Amir Locke's case reflects the far-reaching failure of our criminal legal systems

Photos: YouTube\Screenshot

Thursday, the Center for Policing Equity released the following statement regarding the decision of the Minnesota Attorney General and Hennepin County Attorney not to file criminal charges in connection with the fatal police shooting of Amir Locke:

The offices of Minnesota Attorney General Keith Ellison and Hennepin County Attorney Mike Freeman issued a joint statement on Wednesday announcing that they will not be filing criminal charges against Minneapolis Police Department SWAT team Officer Mark Hanneman, who shot and killed Amir Locke in the course of executing a no-knock warrant in the early morning hours of Feb 2, 2022. Locke – who had been asleep on the couch – had no role in the related investigation.

Amir Locke shown sleeping just before he was killed by Officer Hanneman.

The Center for Policing Equity (CPE) agrees with Ellison and Freeman that Locke “should be alive today and his death is a tragedy…. Amir Locke is a victim. This tragedy may not have occurred absent the no-knock warrant used in this case.”

However, we are disappointed with their conclusion that the State of Minnesota “would be unable to disprove beyond a reasonable doubt any of the elements of Minnesota’s use-of-deadly-force statute that authorizes the use of force by Officer Hanneman. Nor would the State be able to prove beyond a reasonable doubt a criminal charge against any other officer involved in the decision-making that led to the death of Amir Locke.”

Justice cannot be sought in a case of unjust killing, but we can and must seek accountability. Amir Locke’s case reflects the far-reaching failure of our criminal legal systems to protect and provide redress to the vulnerable, and compounds generations of trauma caused by police violence in Black communities.

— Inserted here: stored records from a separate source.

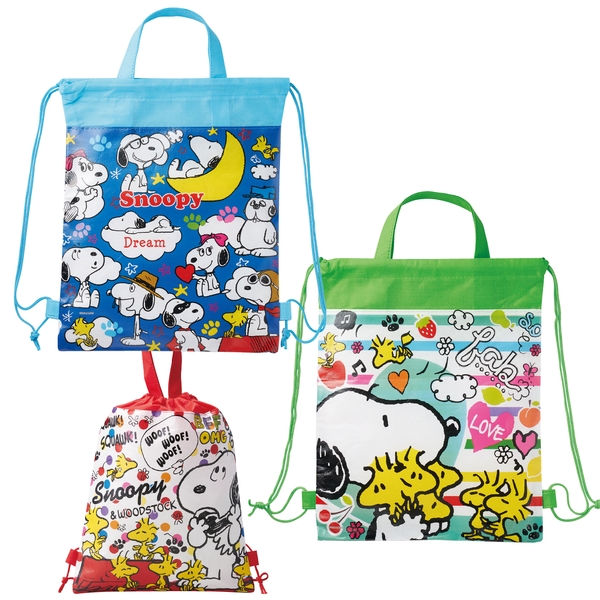 スヌーピー2WAYバッグの商品画像3枚目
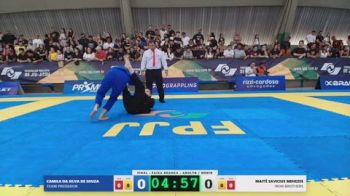 MAITÊ SAVICIUS MENEZES vs CAMILA DA SILVA DE SOUZA 2026 FPJJ Copa Grandes Mestres Etapa 3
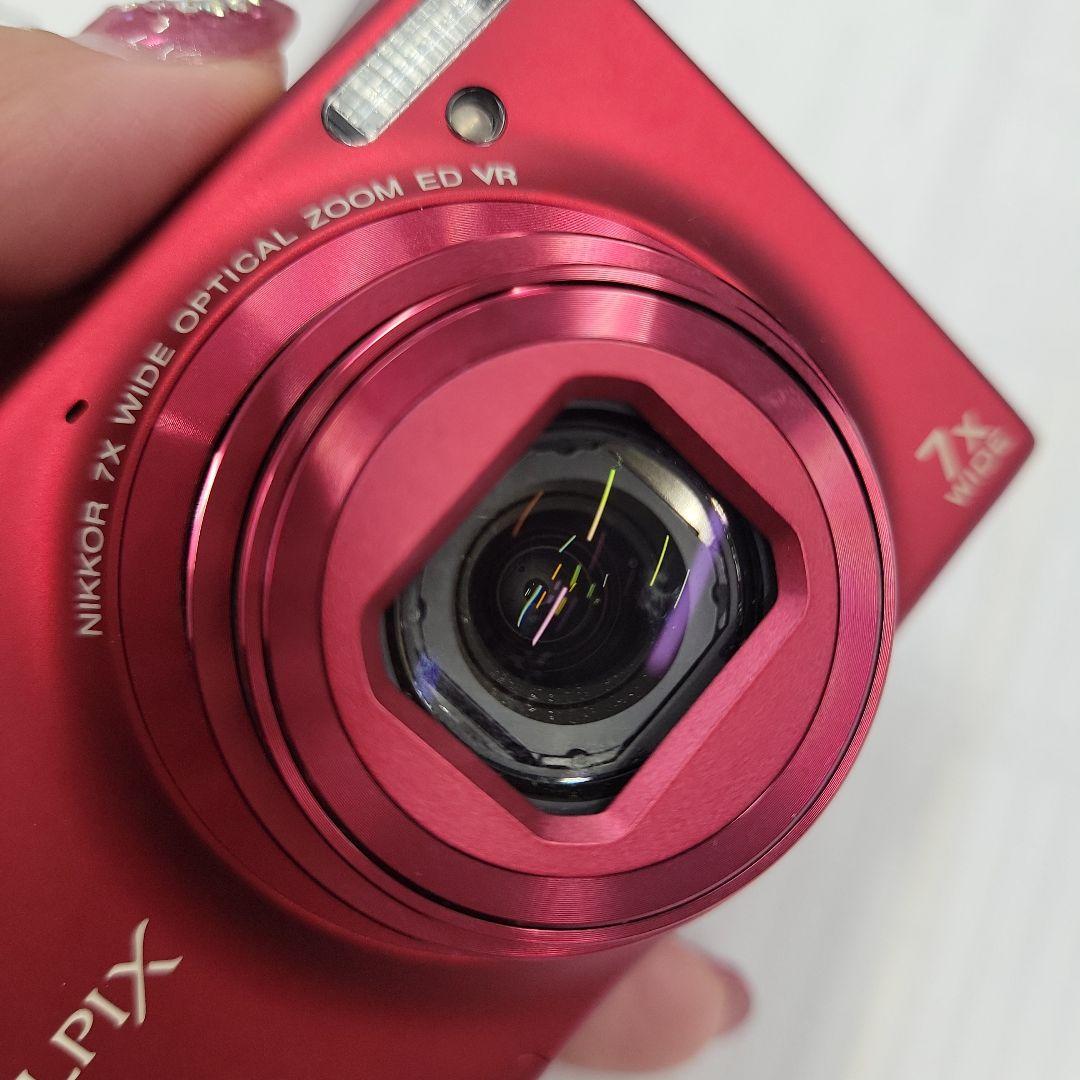 NIKON COOLPIX S6100 ニコン、デジタルカメラ「COOLPIX」新モデル4機種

As the world saw following the similar 2020 police killing of Breonna Taylor and again this past February, no-knock warrants lead far too easily to violence, tragic loss of life, and trauma for the local community. CPE agrees with Ellison and Freeman that “any time law enforcement interacts with the public, all parties should be able to go home safely.”

CPE stands with those mourning Amir Locke who must now also face the grim deficiencies of our legal systems. We remain steadfast in our dedication to redesigning public safety so that these types of killings become a thing of the past, working toward the day that everyone will, in fact, be able to go home safely.